New Orleans is experiencing its second post-Katrina hotel boom. First, the city’s classic properties freshened up. Now, visitors to the Big Easy are finding new boutique-style accommodations in old office buildings and forlorn flophouses.
The Q&C, which arrived on the scene last fall, is a bit of both. It’s housed in the former headquarters of the New Orleans and Northeastern Railroad, whose major route moved between Cincinnati (Queen City) and New Orleans (Crescent City) – Q&C. The building was converted to a one-star hotel in 1986, closed in 2013 and re-emerged as this considerably more stylish Q&C.
Rooms are spread over two buildings divided by an alley that is open to traffic.
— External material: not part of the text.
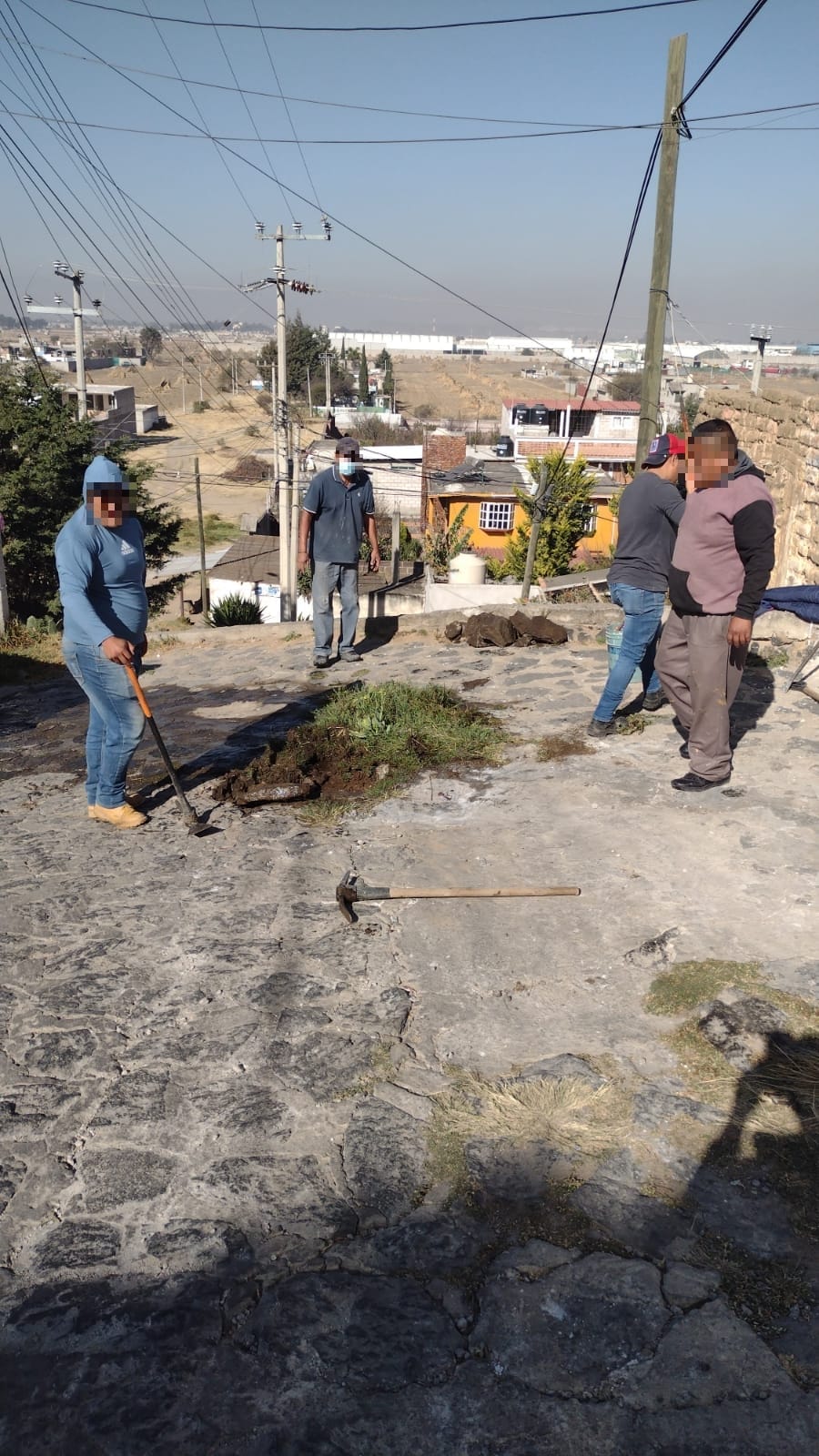 1674844550 464 Se reporta fuga de agua potable en la linea de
One building includes the reception area and pub. The second, smaller building offers a comfy lounge area with large-screen TV and library.
The hotel is at the cusp of the rather dull Central Business District and the happening Warehouse Arts District, which features hot restaurants, important-looking galleries and the popular National World War II museum. The must-see French Quarter is an easy walk from the hotel, along with the pretty shops and streets of the Lower Garden District.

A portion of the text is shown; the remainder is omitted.